In 1983, Dr. Stewart Reuter, Chair of Radiology at UTHSCSA and a mentor to Palmaz, encouraged him to accept a position at the center. Palmaz did so, in part because there he would have access to resources he needed to further his stent development. He eventually succeeded in creating a prototype of a stainless steel, insertable mesh stent that could be expanded once inside the body to hold a blood vessel or artery open and allow blood to flow more freely. He also secured funding from a somewhat unlikely partner: Phil Romano, an entrepreneur who founded restaurant chains such as Fuddruckers and The Macaroni Grill, put up $250,000 in exchange for a stake in the product, which Palmaz began co-developing with Dr. Richard Schatz, a cardiologist at Brooke Army Medical Center.

===Commercial success===
The trio, calling themselves the Expandable Graft Partnership, patented the stent technology in 1985 and presented it to a variety of large companies. Those firms included Boston Scientific, which did not adopt it; and Johnson & Johnson, which eventually licensed the stent technology for some US$10 million plus royalties. With Johnson & Johnson behind it, and with an additional $100 million invested in its development, the Palmaz stent was approved for use in peripheral arteries in 1991, followed by approval for use in coronary arteries in 1994; Johnson & Johnson quickly captured 90 percent of the market for stents and bought the patent outright from Palmaz, Schatz and Romano in 1998.

===Litigation===
Palmaz stent patents were the subject of fierce legal battles brought by Johnson and Johnson against several companies manufacturing stents. After 12 years of litigation, the District Court of Delaware ruled in favor of Johnson and Johnson, declaring that the Palmaz patents had been infringed. The damages awarded for the Palmaz patents were the largest ever in patent litigation history.

===Medical Impact===
Within four years of its FDA approval, the balloon-expandable stent was used in over 80% of percutaneous coronary interventions, a virtually unparalleled success. Currently approximately one million stents are implanted annually worldwide. The balloon angioplasty augmented with the use of the stent has become the preferred treatment for atherosclerosis. However, the stent has not completely done away with restenosis after angioplasty, and improved procedures continue to be sought. The drug-eluting stent, which releases chemicals that inhibit restenosis, has shown marked success and seems to be replacing the bare-metal stent in America, though Europeans have resisted the change due to the expense.

==Business Ventures==
Palmaz formed Advanced Bio Prosthetic Surfaces (ABPS) in 1999, with Christopher Banas, as a private R&D enterprise to develop advanced biomaterials for implantable medical devices. In early 2008, Dr. Palmaz, Steve Solomon, and other principals, along with private investors formed Palmaz Scientific to acquire thin-film and related intellectual property, equipment, employees and related assets from Nitinol Development (NDC), a Johnson & Johnson / Cordis company which has licensed ABPS technology. The company, which operates out of Dallas, will design, manufacture and sell implantable bio prosthetic devices.
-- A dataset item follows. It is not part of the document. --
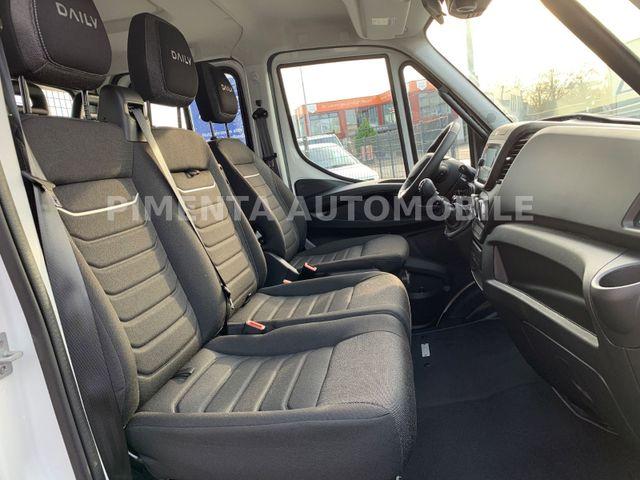 Iveco Daily 50C18H DOKA CHASSIS DIFFSPER AHK LED KLIMA 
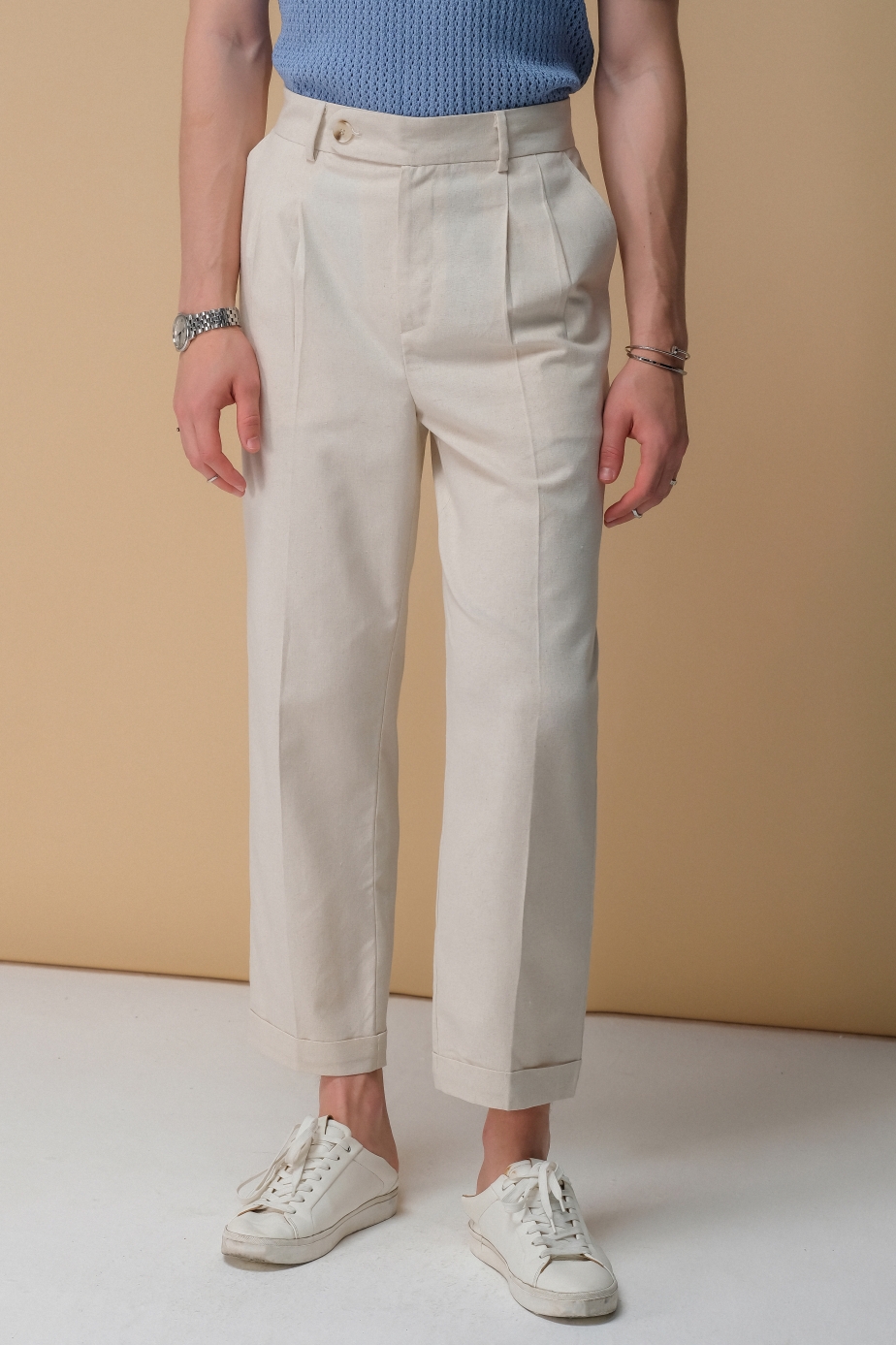 Massimou Suit Pants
Palmaz also created the largest wine cave in Napa Valley, Palmaz Vineyards. It is entirely gravity operated.

==Personal life==
Palmaz is married to fellow Argentine Amalia Palmaz and has two children, Florencia and Christian. He lives in San Antonio and Napa, and enjoys collecting vintage Porsches. He owns the famous Porsche 917-023, the car that earned Porsche its first victory at Le Mans in 1970.
His son Christian Palmaz owns and flies a 2015 Bell 429 Global Ranger N665PV.